Naar boven ↑

Rechtspraak

Uitspraakdatum

21-01-2013

ECLI

ECLI:NL:TADRARN:2013:YA4262

Zaaknummer

12-105

Inhoudsindicatie

verzet tegen voorzittersbeslissing, waarin klacht kennelijk niet ontvankelijk werd verklaard vanwege tijdsverloop, ongegrond.

Uitspraak

Beslissing van 21 januari 2013

in de zaak 12-105

naar aanleiding van het verzet tegen de beslissing van de voorzitter van de raad van discipline van 28 juni 2012 op de klacht van:

[klaagster]

[adres]

klaagster

tegen:

mr. [naam]

voorheen advocaat te [plaats]

verweerster

1 VERLOOP VAN DE PROCEDURE

1.1 Bij brief aan de raad van 7 juni 2012, door de raad ontvangen op 8 juni 2012, heeft de deken van de Orde van Advocaten in het voormalig arrondissement Zutphen de klacht ter kennis van de raad gebracht.

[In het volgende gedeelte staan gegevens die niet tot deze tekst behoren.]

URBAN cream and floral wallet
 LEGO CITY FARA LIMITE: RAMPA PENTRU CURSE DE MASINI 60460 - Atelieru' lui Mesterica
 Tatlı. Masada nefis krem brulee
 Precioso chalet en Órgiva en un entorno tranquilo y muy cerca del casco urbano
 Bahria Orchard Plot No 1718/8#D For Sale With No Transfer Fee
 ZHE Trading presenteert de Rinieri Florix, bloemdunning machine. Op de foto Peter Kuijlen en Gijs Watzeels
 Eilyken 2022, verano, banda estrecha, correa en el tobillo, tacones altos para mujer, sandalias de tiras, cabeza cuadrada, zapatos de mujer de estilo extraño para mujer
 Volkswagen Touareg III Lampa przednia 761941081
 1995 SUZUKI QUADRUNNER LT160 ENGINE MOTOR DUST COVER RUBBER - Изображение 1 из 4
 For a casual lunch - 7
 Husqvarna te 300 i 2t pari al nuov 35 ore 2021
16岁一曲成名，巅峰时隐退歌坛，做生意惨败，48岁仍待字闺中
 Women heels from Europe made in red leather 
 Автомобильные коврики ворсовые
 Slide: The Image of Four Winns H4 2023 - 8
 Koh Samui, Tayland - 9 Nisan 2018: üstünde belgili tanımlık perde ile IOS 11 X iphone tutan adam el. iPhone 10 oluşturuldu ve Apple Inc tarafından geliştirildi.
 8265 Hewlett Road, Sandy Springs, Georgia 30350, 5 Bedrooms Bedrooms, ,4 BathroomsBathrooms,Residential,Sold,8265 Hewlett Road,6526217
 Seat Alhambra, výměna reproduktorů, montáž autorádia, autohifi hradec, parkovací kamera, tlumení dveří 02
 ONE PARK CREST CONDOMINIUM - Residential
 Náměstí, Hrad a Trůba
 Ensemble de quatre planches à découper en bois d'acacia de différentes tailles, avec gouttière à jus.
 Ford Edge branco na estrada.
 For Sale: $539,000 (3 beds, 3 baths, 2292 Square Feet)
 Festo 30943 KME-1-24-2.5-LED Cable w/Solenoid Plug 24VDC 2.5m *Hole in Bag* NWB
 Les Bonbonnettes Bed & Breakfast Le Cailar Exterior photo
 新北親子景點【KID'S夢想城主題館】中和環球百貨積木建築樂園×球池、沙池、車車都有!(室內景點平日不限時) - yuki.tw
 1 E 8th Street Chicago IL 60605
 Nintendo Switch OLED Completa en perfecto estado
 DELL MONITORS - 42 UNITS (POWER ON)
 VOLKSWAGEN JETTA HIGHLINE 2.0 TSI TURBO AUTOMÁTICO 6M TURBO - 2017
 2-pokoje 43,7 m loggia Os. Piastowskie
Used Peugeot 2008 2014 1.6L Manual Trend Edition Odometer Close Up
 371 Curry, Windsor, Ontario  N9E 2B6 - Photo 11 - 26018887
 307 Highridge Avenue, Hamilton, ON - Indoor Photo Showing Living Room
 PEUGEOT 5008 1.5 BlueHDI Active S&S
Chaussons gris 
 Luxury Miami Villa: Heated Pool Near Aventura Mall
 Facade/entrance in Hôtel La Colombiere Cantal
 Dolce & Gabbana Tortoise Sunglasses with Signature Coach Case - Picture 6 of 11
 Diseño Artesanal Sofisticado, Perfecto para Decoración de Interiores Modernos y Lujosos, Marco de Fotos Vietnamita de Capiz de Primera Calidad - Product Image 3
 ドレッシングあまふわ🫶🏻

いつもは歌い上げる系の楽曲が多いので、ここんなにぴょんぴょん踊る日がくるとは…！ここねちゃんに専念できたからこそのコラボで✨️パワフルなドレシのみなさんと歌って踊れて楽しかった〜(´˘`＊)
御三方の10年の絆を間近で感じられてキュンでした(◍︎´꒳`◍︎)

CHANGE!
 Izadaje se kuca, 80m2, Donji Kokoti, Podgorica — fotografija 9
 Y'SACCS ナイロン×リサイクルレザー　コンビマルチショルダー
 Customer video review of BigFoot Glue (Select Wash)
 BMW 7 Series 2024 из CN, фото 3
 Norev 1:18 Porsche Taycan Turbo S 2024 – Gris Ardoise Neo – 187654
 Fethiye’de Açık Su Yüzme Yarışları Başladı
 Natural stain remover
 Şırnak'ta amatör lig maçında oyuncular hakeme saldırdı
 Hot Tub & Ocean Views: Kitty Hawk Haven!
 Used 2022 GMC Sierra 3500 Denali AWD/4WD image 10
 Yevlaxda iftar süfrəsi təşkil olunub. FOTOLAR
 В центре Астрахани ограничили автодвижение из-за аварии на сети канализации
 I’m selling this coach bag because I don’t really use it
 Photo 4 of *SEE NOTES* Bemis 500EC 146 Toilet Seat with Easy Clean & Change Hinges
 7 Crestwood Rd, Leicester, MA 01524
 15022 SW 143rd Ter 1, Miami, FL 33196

1.2 Bij beslissing van 28 juni 2012 heeft de plaatsvervangend voorzitter van de raad de klacht kennelijk niet-ontvankelijk verklaard, welke beslissing op 2 juli 2012 is verzonden aan klaagster.

1.3 Bij brief van 10 juli 2012 door de raad ontvangen op 11 juli 2012, heeft klaagster verzet ingesteld tegen de beslissing van de voorzitter. Bij brief van 11 juli 2012, door de raad ontvangen op 12 juli 2012 heeft klaagster de gronden van het verzet ter kennis van de raad gebracht.

1.4 Het verzet is behandeld ter zitting van de raad van 5 november 2012 in aanwezigheid van klaagster, bijgestaan door haar advocaat, mr. J.A.P.M. van Dal, en verweerster. Van de behandeling is proces-verbaal opgemaakt.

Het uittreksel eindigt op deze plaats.